Ideengeschichtlich haben wir es hier mit der Unterscheidung von Natur und Kultur zu tun. Was als Kultur erkannt ist, kann als solche reflektiert und verändert werden. So werden Lernprozesse nicht nur legitim, sondern notwendiger Bestandteil einer verantworteten Haltung, die Macht über Menschen nicht nur hat, sondern beansprucht. Eine Tradition zu identifizieren, ist in dieser Hinsicht eine Kulturleistung. Der anstehende Lernprozess innerhalb der Kirche könnte sich vollziehen, indem mit Blick auf die Tradition des Weiheamtes nicht mehr im Vordergrund stünde, dass Jesus vermeintlich nur Menschen desselben Geschlechts berufen habe, sondern, dass der Gott, für den auch Jesus eingetreten ist, hoffentlich ein Gott der Gerechtigkeit ist.
Bis heute hat die katholische Kirche erhebliche Schwierigkeit damit, sich zur Freiheitsmoderne in ein angemessenes Verhältnis zu setzen. Sie konstruiert ihre Identität über eine Tradition, die sie ewig nennt und in den strittigen Punkten auf Gott selbst zurückführt. Mit dem vermeintlichen Auftrag, an dieser Identitäts- und Traditionskonstruktion festzuhalten, werden Strukturreformen abgewehrt.
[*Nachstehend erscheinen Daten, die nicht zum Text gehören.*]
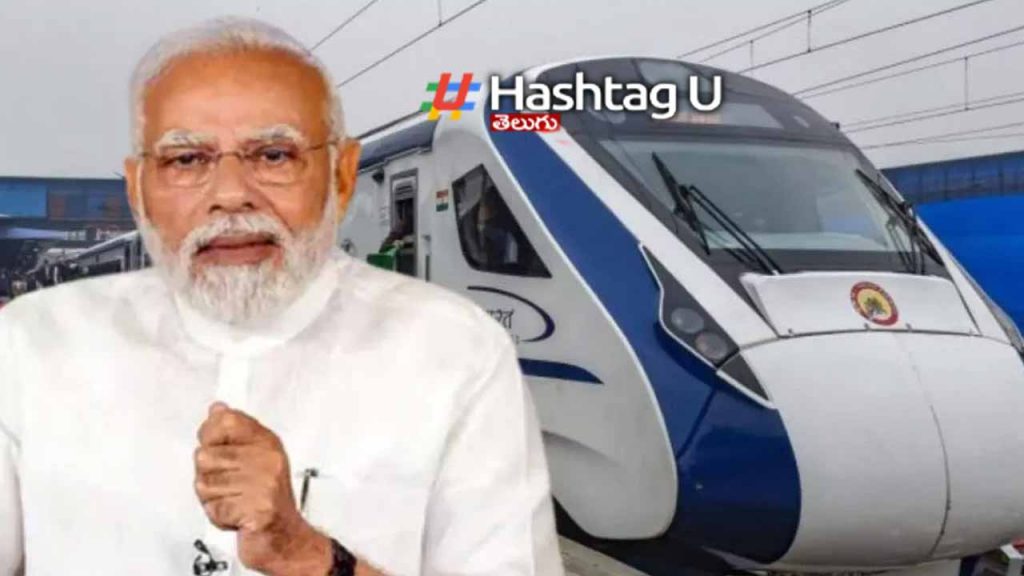 PM Modi launched two Vande Bharat trains to Telugu states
Dabei ist leicht zu sehen, wie diese Tradition selbst im Kontext des 19. Jahrhunderts entstanden ist. Die Gestalt der katholischen Kirche gleicht bis heute einer absoluten Monarchie, und in der gibt es nur sehr begrenzt Platz für Freiheit. Darüber darf auch eine Rhetorik wie die vom "pilgernden Gottesvolk" oder die vom "sensus fidelium" nicht hinwegtäuschen. Der gemeinsame Glaube kommt dann schnell an ein Ende, wenn er nicht lehramtskonform ist. Oder wenn Menschen darauf bestehen, nicht nur im Alltag ihre Freiheit leben zu wollen, sondern auch in Glaubens- und Kirchenfragen.
Wo Selbstbestimmung der Gradmesser ist, wird es unruhig bleiben
Die globalen Kontexte, in denen sich die katholischen Milieus bewegen, mögen sehr unterschiedlich sein. Dort aber, wo die Idee der Selbstbestimmung zum normativen Gradmesser in Entscheidungsfindungsprozessen geworden ist – und: wo das Bewusstsein vorherrscht, dass Regeln der Entscheidungsfindung und Organisationszusammenhänge nicht vom Himmel gefallen sind, wird es unruhig bleiben, wenn die Verhältnisse als repressiv und ungenügend erlebt werden. Dies gilt auch bezogen auf die Kirche.
Den Kern der Krise, die die katholische Kirche seit geraumer Zeit durchmacht, bildet tatsächlich die Gottesfrage: Sage mir, an welchen Gott Du glaubst, und ich sage Dir, wie Du Dir Deine Kirche vorstellst. Unvermeidlich gehen menschliche Selbstverständigungsideen in den Gottglauben ein. Leicht nachweislich ist dies auch bei denen, die eben dies auszuschließen versuchen. Innerkirchlich wird man sich der Frage, wie der Gott, der aus der Kirche sichtbar werden soll, es wohl mit Freiheit und Würde hält, nicht länger verweigern können, wenn man sich gesellschaftlich und politisch nicht ins Abseits stellen will. Aber ein positiver Bescheid hat dann auch innerkirchliche Konsequenzen. Und diese müssen gezogen werden, will man nicht doch wieder unglaubwürdig werden.